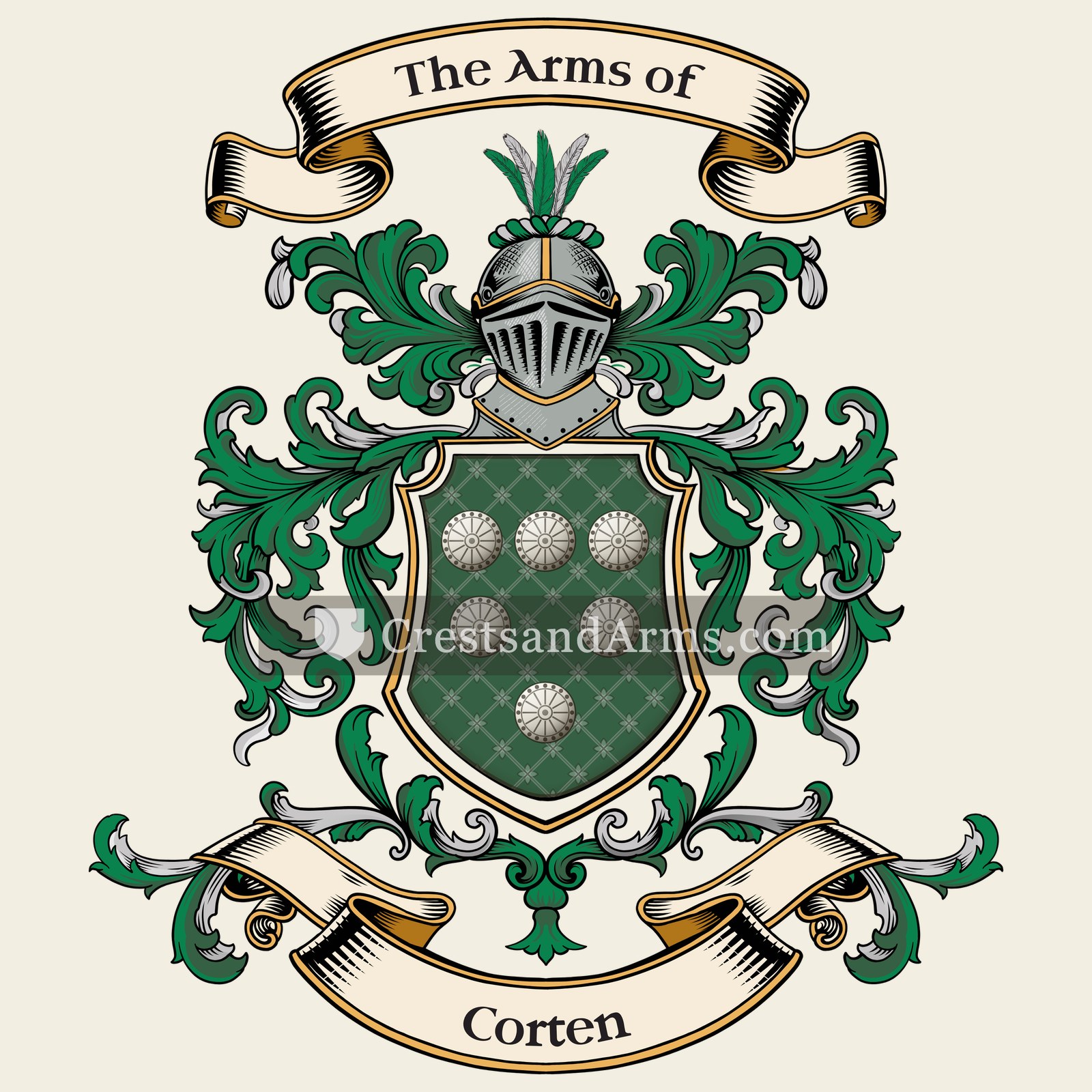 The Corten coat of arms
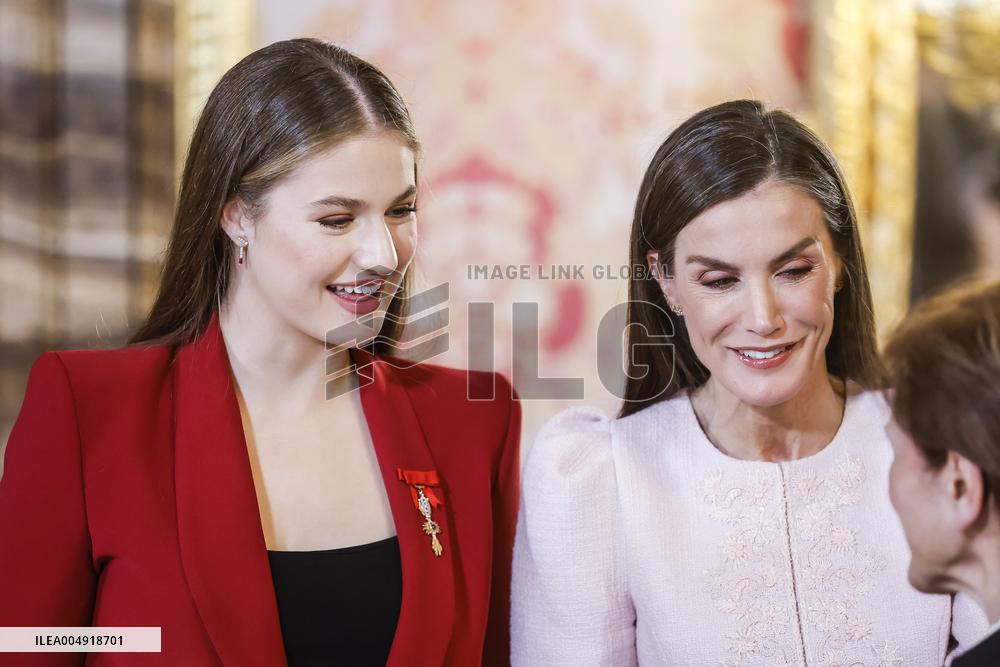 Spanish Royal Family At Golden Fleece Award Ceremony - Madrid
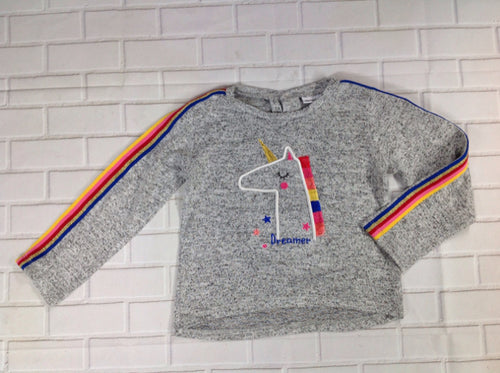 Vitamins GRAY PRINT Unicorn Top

————

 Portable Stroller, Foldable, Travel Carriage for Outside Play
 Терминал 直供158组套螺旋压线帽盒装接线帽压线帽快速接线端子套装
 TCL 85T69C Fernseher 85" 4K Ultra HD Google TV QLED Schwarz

————

■ What you are asked to do ■
Return only the stretch of the material above from the line holding "Терминал 直供158组套螺旋压线帽盒装接线帽压线帽快速接线端子套装" through the line holding "TCL 85T69C Fernseher", copied exactly.

■ Response for this exercise ■
 Терминал 直供158组套螺旋压线帽盒装接线帽压线帽快速接线端子套装
 TCL 85T69C Fernseher 85" 4K Ultra HD Google TV QLED Schwarz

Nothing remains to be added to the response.